§ **How to complete this task**:
From the entries that follow, list every line in which the string "книги" appears.

§ **Stored records**:
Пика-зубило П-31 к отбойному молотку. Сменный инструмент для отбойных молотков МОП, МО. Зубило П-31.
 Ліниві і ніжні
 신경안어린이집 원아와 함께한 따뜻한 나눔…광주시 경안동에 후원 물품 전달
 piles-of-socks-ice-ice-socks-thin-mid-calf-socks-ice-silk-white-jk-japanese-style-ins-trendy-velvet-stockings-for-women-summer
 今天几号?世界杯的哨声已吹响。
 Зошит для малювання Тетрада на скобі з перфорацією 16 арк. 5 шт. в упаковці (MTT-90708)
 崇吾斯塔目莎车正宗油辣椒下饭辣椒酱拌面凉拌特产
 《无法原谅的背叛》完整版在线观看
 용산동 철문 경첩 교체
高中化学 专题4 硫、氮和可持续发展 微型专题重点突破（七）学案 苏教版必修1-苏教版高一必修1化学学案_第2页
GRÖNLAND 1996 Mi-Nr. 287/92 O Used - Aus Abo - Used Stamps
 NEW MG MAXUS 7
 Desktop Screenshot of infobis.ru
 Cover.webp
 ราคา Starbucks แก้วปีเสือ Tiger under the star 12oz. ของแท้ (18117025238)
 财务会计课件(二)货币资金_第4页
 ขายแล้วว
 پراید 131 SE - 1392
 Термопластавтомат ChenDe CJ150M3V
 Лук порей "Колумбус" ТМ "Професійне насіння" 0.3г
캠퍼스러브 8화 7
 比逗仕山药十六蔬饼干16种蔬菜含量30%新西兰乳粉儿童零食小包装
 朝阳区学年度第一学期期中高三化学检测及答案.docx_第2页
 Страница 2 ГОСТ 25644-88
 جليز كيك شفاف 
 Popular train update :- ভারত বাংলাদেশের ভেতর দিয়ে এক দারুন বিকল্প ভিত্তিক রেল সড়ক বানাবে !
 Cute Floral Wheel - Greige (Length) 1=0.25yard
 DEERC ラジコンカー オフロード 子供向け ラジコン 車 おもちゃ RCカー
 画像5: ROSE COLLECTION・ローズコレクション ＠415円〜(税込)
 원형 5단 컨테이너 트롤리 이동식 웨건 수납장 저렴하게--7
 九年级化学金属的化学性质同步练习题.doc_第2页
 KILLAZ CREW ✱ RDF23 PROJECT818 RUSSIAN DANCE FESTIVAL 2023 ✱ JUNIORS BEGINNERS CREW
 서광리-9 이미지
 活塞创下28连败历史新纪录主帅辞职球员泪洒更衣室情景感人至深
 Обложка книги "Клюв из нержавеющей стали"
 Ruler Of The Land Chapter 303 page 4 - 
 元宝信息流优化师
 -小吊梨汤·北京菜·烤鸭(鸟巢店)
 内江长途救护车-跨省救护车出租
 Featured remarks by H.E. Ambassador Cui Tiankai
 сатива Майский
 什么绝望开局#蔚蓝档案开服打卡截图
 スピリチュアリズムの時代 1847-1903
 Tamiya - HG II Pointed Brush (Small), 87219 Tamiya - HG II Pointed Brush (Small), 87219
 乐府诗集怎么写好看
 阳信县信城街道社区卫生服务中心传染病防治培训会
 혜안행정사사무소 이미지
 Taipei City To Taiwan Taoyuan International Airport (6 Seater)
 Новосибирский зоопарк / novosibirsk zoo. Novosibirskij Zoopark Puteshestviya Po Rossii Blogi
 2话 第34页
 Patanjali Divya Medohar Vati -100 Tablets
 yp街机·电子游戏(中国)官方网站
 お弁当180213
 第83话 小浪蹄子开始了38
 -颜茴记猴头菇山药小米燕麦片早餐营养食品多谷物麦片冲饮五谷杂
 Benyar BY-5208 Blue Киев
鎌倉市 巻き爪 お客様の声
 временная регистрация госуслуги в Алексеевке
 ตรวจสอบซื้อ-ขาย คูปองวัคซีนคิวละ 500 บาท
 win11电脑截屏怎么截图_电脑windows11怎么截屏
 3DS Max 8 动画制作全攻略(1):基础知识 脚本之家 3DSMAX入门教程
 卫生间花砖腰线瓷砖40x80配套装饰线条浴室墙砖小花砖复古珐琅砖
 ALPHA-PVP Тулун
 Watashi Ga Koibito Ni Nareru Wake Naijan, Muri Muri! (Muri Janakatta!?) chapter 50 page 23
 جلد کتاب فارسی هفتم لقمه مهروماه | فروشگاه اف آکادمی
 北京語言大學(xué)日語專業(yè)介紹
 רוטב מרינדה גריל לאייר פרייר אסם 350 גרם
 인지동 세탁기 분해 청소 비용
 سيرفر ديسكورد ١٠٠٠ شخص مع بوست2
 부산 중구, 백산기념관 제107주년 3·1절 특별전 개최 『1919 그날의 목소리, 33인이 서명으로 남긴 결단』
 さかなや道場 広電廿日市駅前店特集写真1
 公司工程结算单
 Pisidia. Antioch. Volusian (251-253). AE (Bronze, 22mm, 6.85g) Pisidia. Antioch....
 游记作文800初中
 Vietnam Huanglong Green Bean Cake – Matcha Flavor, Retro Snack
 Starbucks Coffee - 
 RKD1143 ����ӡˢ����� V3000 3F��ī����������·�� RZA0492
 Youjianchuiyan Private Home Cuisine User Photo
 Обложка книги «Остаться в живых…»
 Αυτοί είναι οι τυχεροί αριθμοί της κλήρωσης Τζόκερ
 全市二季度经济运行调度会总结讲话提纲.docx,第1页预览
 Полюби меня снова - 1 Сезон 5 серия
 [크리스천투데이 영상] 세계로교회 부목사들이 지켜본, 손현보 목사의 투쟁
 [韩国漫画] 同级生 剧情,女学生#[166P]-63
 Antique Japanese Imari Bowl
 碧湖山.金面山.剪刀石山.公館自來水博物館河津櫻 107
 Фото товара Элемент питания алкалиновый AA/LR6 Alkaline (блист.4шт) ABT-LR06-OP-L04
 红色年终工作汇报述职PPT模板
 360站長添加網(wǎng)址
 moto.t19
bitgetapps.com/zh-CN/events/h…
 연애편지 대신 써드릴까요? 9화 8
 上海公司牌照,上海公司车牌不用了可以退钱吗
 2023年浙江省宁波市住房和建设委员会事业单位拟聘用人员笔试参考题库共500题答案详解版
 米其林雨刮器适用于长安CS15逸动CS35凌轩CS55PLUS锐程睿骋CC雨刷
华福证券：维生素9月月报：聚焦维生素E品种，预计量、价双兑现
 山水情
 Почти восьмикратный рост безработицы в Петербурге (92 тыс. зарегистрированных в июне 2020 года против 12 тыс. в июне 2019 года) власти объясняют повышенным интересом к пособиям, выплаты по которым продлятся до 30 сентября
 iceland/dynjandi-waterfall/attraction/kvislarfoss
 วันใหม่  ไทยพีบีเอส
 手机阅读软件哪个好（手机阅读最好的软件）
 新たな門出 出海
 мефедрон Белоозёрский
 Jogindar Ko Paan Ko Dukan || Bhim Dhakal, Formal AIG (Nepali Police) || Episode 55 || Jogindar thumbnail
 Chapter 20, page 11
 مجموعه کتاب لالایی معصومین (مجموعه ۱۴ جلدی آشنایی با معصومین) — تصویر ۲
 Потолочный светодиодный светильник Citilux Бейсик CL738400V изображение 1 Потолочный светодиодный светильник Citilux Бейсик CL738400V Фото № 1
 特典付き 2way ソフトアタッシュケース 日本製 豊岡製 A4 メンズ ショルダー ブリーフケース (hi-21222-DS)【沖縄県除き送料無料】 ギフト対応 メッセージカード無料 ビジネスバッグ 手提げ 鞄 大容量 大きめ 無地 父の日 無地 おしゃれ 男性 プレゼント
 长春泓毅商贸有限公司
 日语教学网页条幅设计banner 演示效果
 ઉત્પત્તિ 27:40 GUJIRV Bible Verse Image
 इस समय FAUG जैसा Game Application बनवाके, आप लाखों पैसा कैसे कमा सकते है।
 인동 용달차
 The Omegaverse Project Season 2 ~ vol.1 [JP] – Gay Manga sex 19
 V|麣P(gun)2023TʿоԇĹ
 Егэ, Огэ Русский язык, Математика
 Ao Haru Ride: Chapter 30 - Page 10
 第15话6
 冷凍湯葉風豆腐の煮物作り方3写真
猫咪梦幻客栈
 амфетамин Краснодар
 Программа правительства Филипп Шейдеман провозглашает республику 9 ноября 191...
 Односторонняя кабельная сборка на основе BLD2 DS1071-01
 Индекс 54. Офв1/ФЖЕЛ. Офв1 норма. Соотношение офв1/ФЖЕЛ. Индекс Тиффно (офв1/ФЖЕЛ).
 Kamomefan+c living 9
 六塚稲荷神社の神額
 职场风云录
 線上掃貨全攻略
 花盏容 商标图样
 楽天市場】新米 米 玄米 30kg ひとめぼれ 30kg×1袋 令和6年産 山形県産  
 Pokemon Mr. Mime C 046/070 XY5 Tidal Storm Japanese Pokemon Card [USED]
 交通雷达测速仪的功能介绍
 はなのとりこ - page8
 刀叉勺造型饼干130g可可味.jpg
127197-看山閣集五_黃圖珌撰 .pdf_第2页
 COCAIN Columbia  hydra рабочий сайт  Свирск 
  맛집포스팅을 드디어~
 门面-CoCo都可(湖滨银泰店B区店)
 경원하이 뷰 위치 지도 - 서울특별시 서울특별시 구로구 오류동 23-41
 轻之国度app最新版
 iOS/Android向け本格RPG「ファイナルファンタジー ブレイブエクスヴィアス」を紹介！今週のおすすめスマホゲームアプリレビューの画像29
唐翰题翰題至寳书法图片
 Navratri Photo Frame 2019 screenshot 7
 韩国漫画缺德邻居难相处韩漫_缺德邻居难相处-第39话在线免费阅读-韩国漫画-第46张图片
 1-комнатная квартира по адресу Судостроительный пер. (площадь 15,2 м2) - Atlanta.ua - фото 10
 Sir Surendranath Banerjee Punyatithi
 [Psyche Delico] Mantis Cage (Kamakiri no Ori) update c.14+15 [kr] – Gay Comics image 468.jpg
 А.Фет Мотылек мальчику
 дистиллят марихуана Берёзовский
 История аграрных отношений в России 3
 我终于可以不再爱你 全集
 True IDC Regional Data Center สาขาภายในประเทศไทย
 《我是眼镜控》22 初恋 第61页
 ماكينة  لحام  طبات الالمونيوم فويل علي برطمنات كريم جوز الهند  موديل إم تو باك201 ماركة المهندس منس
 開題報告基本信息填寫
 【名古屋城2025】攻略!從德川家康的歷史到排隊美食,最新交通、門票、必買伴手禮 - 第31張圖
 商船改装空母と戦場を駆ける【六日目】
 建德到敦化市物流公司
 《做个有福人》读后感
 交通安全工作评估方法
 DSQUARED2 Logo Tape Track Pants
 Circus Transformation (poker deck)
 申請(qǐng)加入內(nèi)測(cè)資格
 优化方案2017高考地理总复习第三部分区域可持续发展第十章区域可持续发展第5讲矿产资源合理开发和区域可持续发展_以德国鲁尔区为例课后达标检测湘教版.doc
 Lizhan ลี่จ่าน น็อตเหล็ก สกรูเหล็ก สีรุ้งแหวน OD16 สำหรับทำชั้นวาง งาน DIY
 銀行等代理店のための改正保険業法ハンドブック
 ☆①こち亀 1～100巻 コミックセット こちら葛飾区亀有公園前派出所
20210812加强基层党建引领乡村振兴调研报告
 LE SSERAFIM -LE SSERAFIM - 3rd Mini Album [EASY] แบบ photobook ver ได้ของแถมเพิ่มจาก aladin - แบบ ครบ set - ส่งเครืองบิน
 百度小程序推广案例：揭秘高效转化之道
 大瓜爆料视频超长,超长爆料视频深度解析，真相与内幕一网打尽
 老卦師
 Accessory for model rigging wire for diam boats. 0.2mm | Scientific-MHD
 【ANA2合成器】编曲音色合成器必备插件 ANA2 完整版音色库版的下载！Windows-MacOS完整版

§ **Your response**:
 Обложка книги "Клюв из нержавеющей стали"
 Обложка книги «Остаться в живых…»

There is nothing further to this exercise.